The kits may further comprise one or more items chosen from the group consisting of: one or more reloading dies; bullet jackets; a scale; a priming tool; a powder measure; a bullet puller; a case trimmer; primer pocket tools; a press; cartridge cases; a sharp edge shaving tool for shaping the bullet core material prior to shaping or after; boxer primers; a shellholder; and smokeless powder.

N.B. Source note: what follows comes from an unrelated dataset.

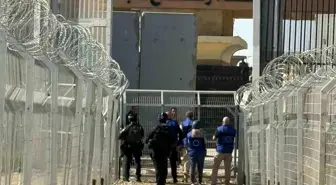 İsrail: 'Refah Sınır Kapısı'nda çift yönde geçişlere yarın başlanması bekleniyor'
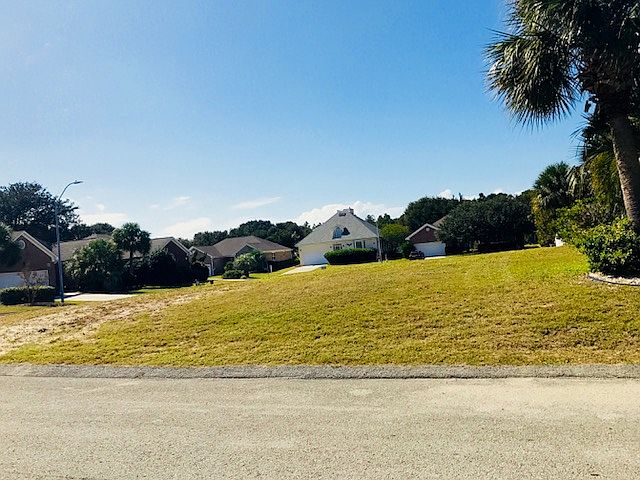 2nd image of 401 Largo Way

In one embodiment, there is provided a packaged bullet core material for rifle and pistol ammunition for reloaders for creating their own bullets, wherein the packaged bullet core material is made available to a consumer for purchase, comprising: a packaged amount of a metallic-polymer composition suitable for forming into bullets and configuring into a cartridge using standard reloading equipment and processes. The packaged amount of metallic-polymer composition comprises: material may comprise: (a) a first metal selected from the group consisting of copper, tungsten, zirconium, steel, titanium, hafnium, niobium, tantalum, iron, tin, aluminum, zinc, tungsten carbide, ferro-tungsten, bismuth, stainless steel, carballoy, tantalum, molybdenum, combinations thereof, and alloys thereof; (b) a binder selected from the group consisting of thermoplastics and/or thermosetting polymers, polyurethane, polyolefin, polyester, polyvinyl alcohol, poly(C2-C5-alkylene glycol), hydroxyalkylcellulose, polyacrylate, polymethacrylate, ethylene/methacrylic acid copolymer ionomer, polyetherester elastomer, polydicyclopentadiene, polydimethylsiloxane, polyamide, polycarbonite, phenol formaldehyde or polymethylmethacrylate polymers, suitable amorphous or has a low crystallinity polymers, polycarbonate, TPE, phenolics, epoxies, dialylphthalates, acrylics, polystyrenes, polyethylene, and combinations thereof, wherein the composition substantially comprises, said first metal in an amount of from 50 percent by weight to 99.5 percent by weight, based on the total weight of said composition, and said binder in an amount suitable to bind the metals particles, and said composition is substantially free flowing. The packaged bullet core material may be in a form chosen from the group consisting of: a tube, a brick, measured aliquots and a rope-like spool, prior to packaging and packaged in such a form.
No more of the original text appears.